### Work request
Your answer is the line containing "Evershine Diamond Painting" plus every line after it through the end of the records, printed exactly and free of pictures.

### The data

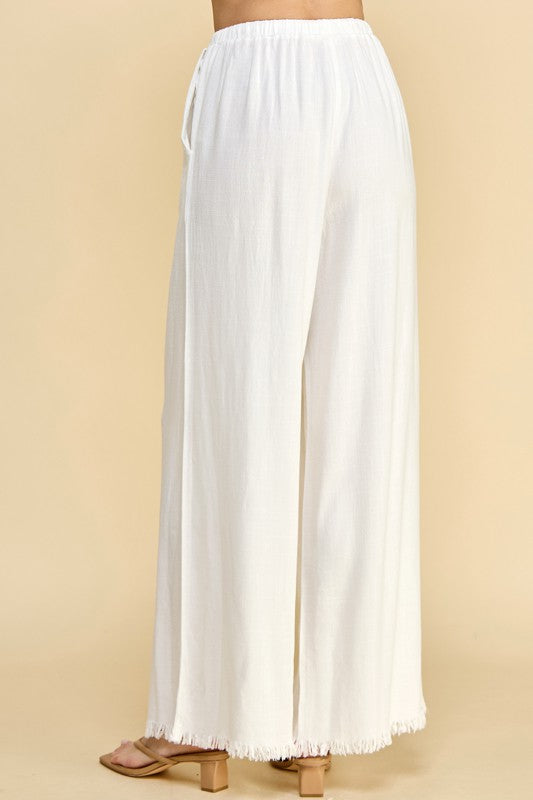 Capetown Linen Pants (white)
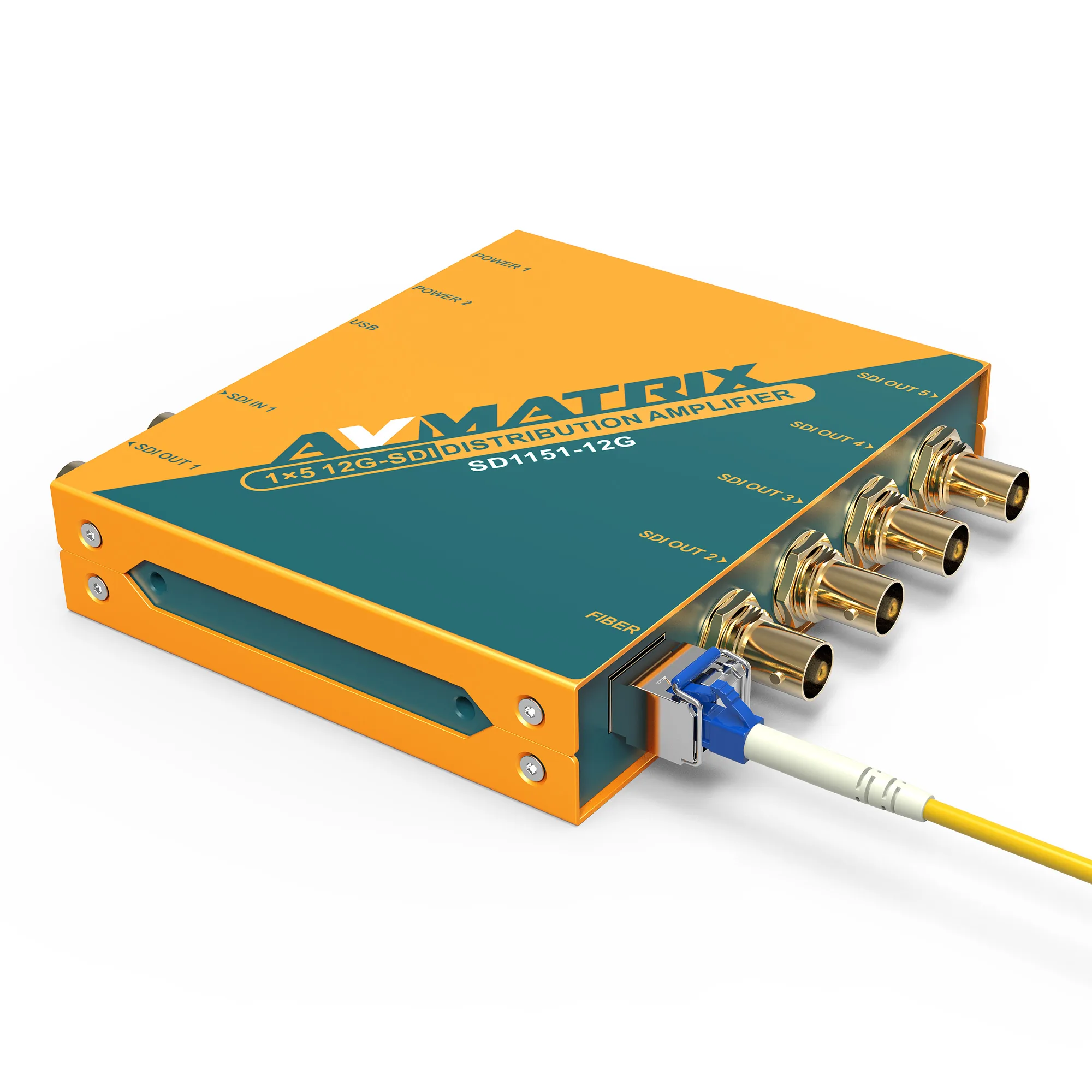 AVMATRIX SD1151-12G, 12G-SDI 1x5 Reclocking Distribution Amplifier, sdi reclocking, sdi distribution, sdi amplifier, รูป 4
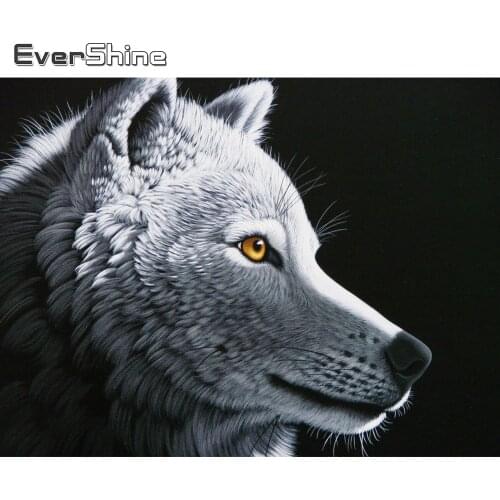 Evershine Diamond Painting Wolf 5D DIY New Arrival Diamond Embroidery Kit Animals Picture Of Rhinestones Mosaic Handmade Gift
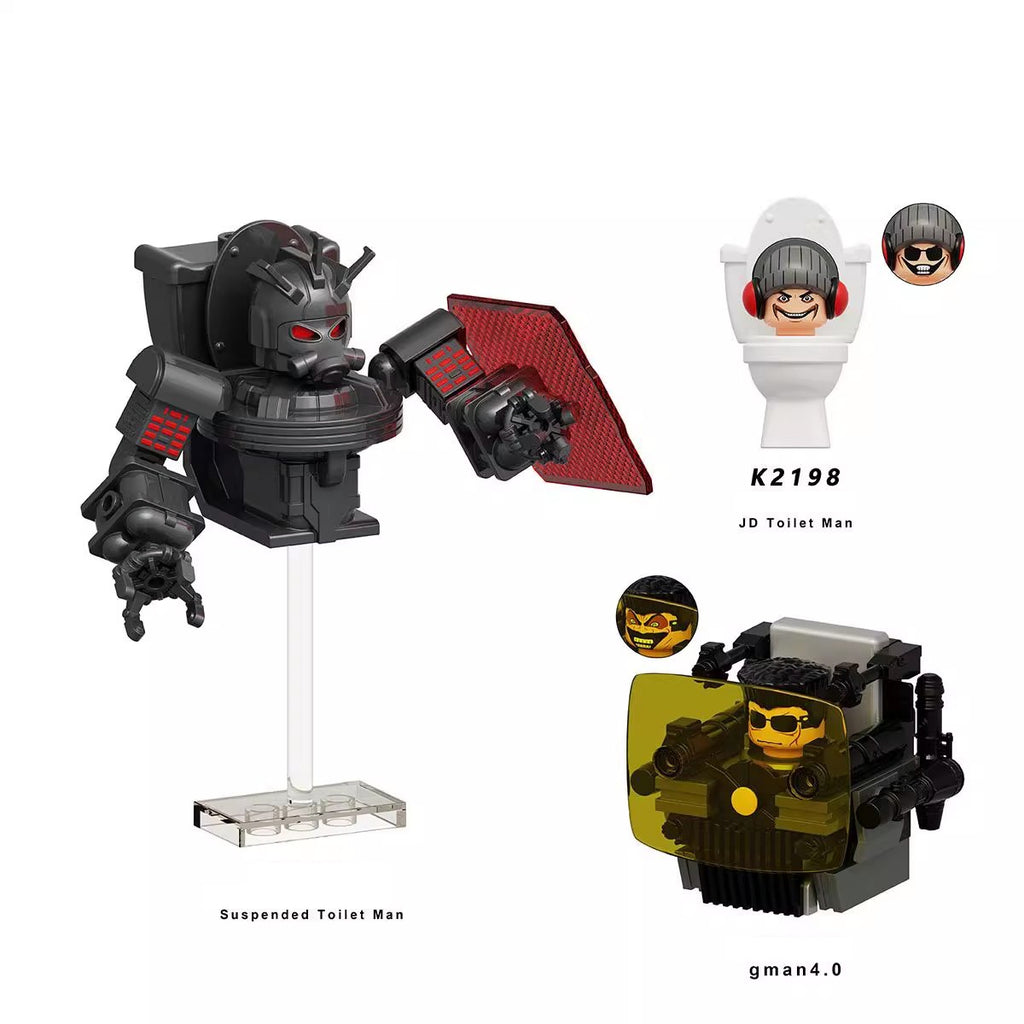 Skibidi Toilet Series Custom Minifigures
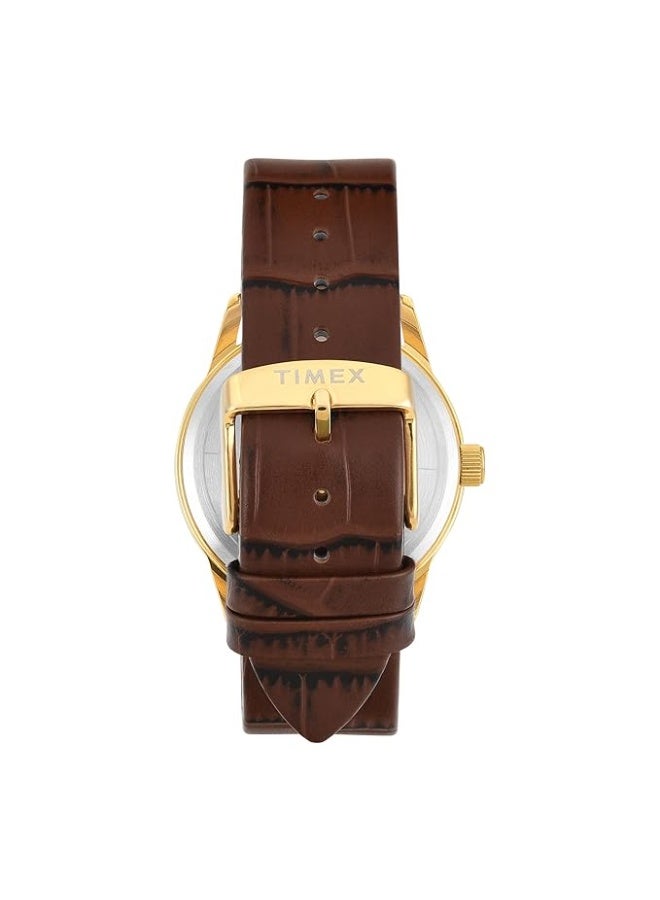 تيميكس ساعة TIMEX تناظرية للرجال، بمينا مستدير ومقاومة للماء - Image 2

### Solution for this problem
 Evershine Diamond Painting Wolf 5D DIY New Arrival Diamond Embroidery Kit Animals Picture Of Rhinestones Mosaic Handmade Gift
 Skibidi Toilet Series Custom Minifigures
 تيميكس ساعة TIMEX تناظرية للرجال، بمينا مستدير ومقاومة للماء - Image 2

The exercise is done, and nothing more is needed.